We are seeking a Site Reliability Engineer (SRE) with a strong focus on customer-facing technical support. In this role, you will be the primary point of contact for our enterprise SaaS customers, addressing and resolving technical issues to ensure optimal system performance and user satisfaction. Your responsibilities will encompass managing incoming support tickets, providing timely solutions, and maintaining high system uptime and application availability.

This position requires a deep understanding of systems engineering principles, extensive Linux system administration expertise, and the ability to monitor and manage large-scale cloud clusters. Your technical acumen, combined with excellent communication skills, will be crucial in delivering a superior support experience and contributing to the reliability and efficiency of our SaaS platform.

Responsibilities :

- Serve as the first line of support for customer-reported technical issues related to our SaaS platform.

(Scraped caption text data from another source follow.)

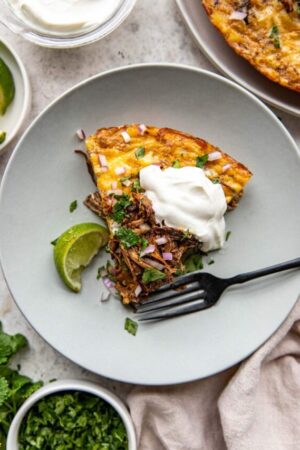 Slice of birria frittata with sour cream cilantro and red onion on a plate.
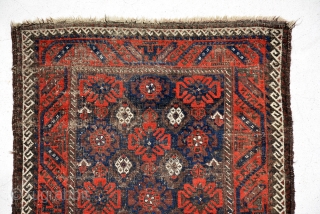 Baluch rug 1910, size is 185 x 103 cm, overall fair condition, black is too worn but flowers are in good condition. a good example of baluch.      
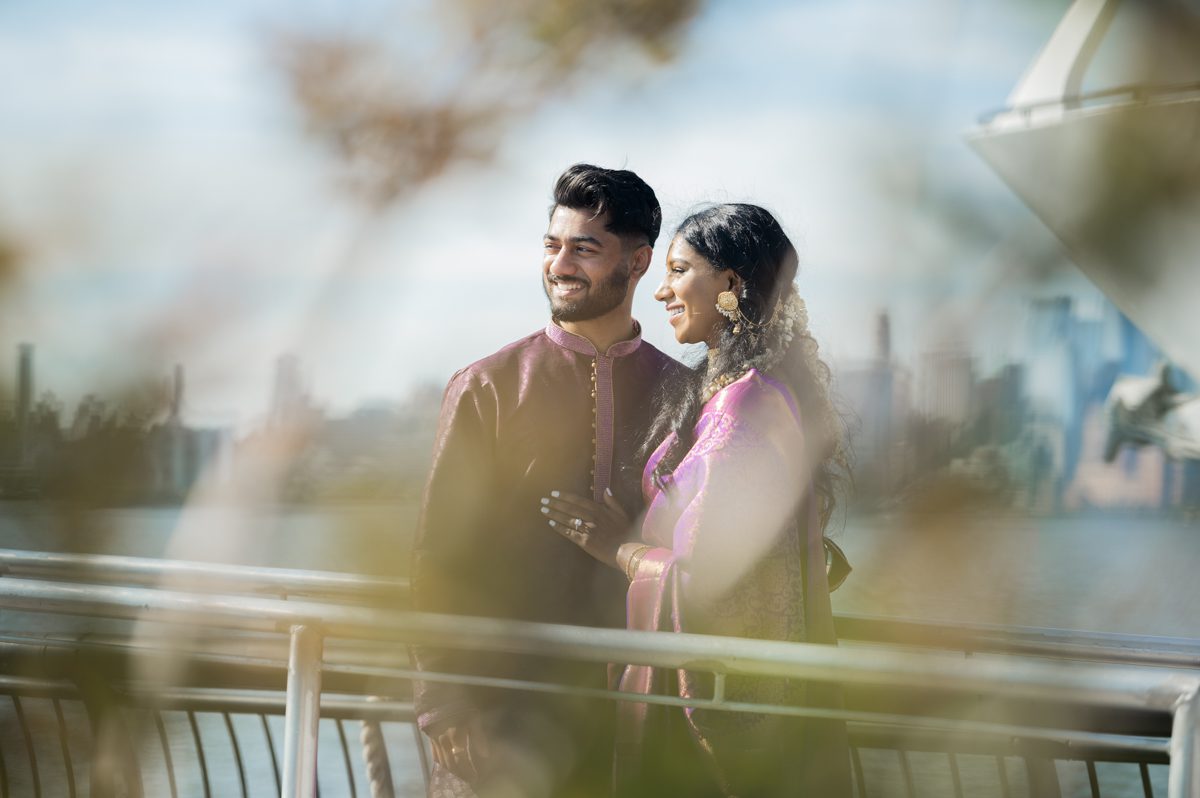 Lovely Hoboken waterfront engagement session with Ashley and Alvin. Ashely and Alvin started the Hoboken engagement session in their Indian traditional outfits then for later half of the Hoboken engagement session Ashley and Alvin changed into a dress and a suit. It was bit bright by Hoboken waterfront but with Ashley and Alvin we had fun exploring different backdrops of Hoboken, NJ. Ashley and Alvin's Hoboken NJ engagement session documented by MJ from Pearl Paper Studio. Pearl Paper Studio is here to capture real emotions, fun couples with non-traditional wedding stories, now we are booking small intimate backyard wedding, outdoor tent wedding, farm wedding, elopements, nyc elopements. We are currently booking fall 2023 and 2024 weddings in NJ, NY, Brooklyn and Long Island.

- This involves data connectivity issues, report errors, performance concerns, access problems, data inconsistencies, software bugs, integration challenges etc.

- Understand and empathise with the challenges ThoughtSpot users face, offering tailored solutions to improve their user experience.

- Ensure prompt and accurate updates, meet SLAs and provide timely resolution to customer issues via tickets and calls

- Create knowledge-base articles to document knowledge and help customers with self-service.

- Maintain, monitor, and troubleshoot ThoughtSpot cloud infrastructure.

- Monitor system health and performance through metrics, logs, and dashboards using tools like Prometheus, Grafana to detect and prevent issues early

- Work with Engineering teams to define and implement tools to enhance debuggability, supportability, availability, scalability, and performance.

- Be an expert in cloud and on-premise infrastructure by developing automation and best practices.

- Participate in on-call rotation for critical SRE systems, lead the incident review and root cause analysis.

Requirements :

- B. S. degree in Computer Science or relevant industry experience.

- Exceptional communication skills, both written and verbal, to effectively engage with cross-functional teams, customers, and stakeholders.

- Relevant work experience in troubleshooting complex Linux Systems and managing distributed systems

- Experience in virtualisation and Cloud technologies.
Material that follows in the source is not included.